[Data excerpts]

=== Section Start ===

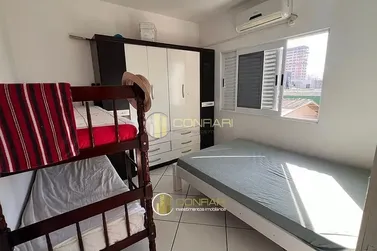 Sobrado &agrave; venda - 80m&sup2; - Morretes
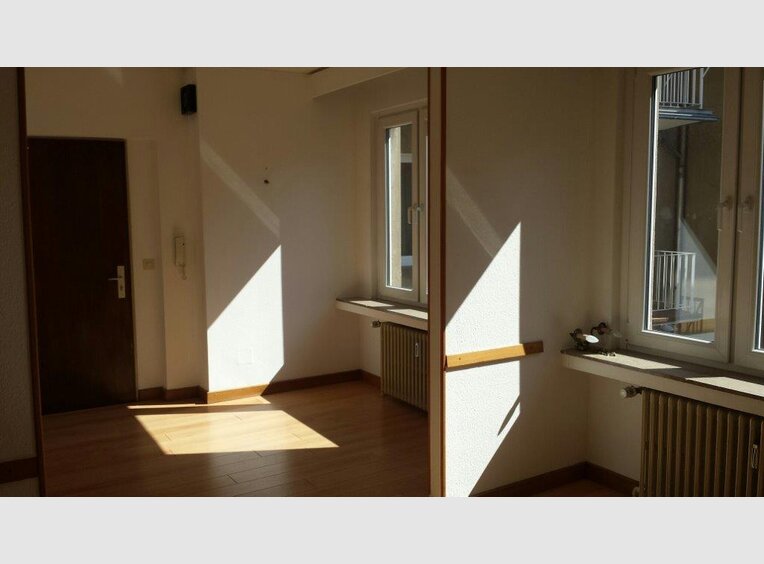 Bureau à louer à Luxembourg (LU) - Réf. 6393386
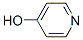 4-Hydroxypyridine CAS#: 626-64-2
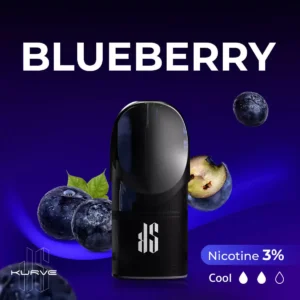 ks-kurve-pod-blueberry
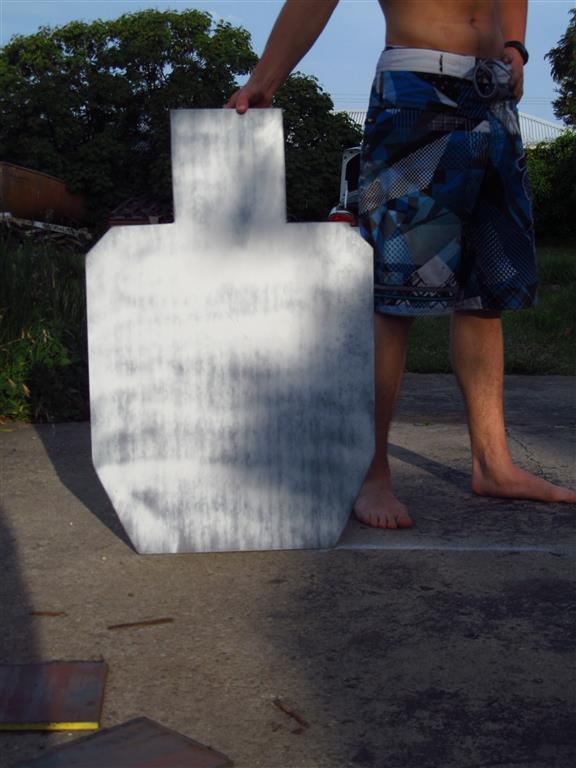 IMG_2515 (Medium).JPG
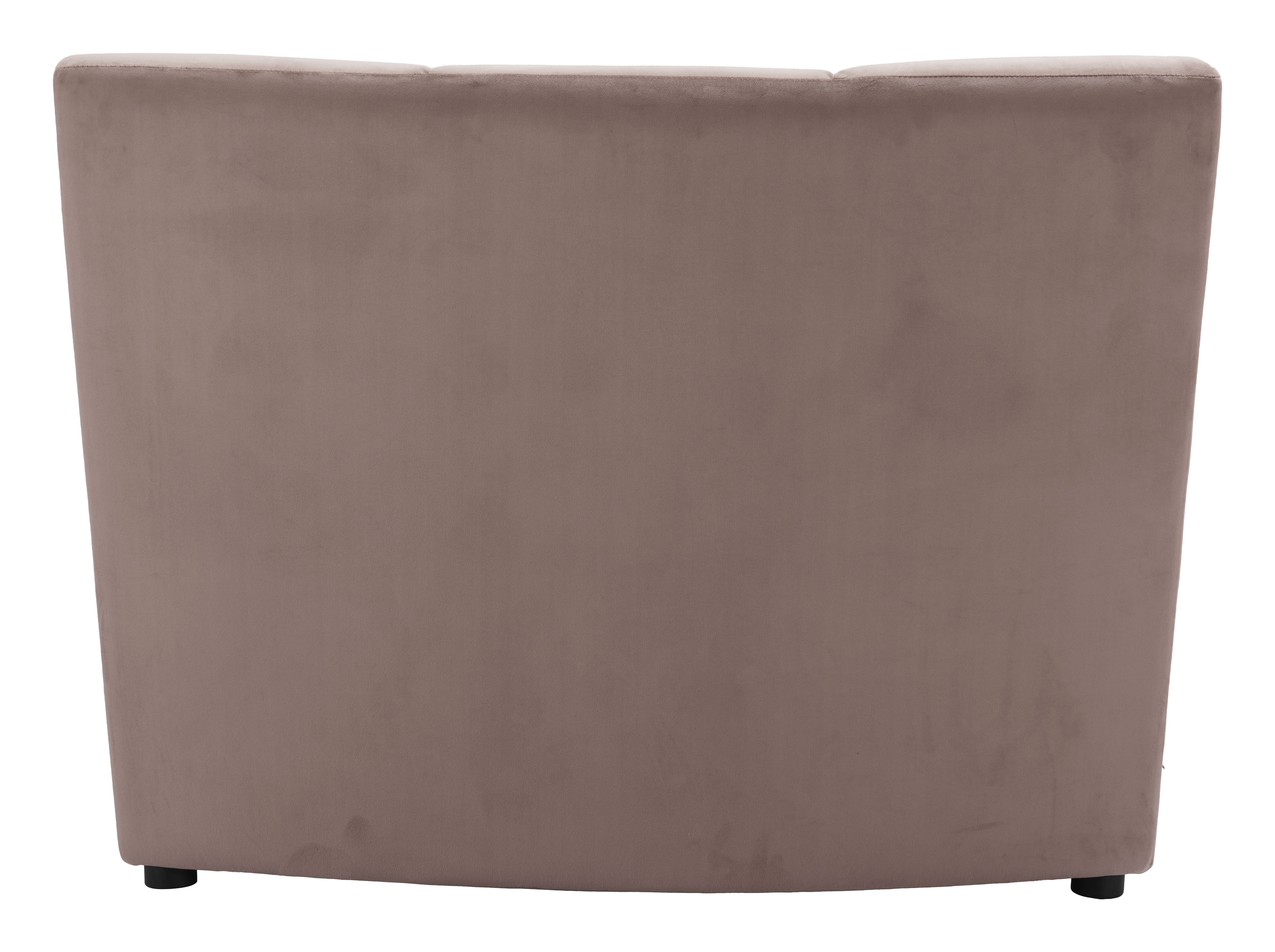 Garbi Modular Sectional Beige product image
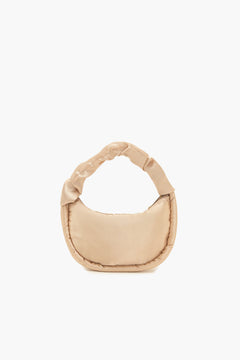 Naazneen Pearl Handbag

=== Section End ===

Exercise requirements – Although the records above contain pictures, your copy should give only their text, exactly as written.

Reply –
 Sobrado &agrave; venda - 80m&sup2; - Morretes
 Bureau à louer à Luxembourg (LU) - Réf. 6393386
 4-Hydroxypyridine CAS#: 626-64-2
 ks-kurve-pod-blueberry
 IMG_2515 (Medium).JPG
 Garbi Modular Sectional Beige product image
 Naazneen Pearl Handbag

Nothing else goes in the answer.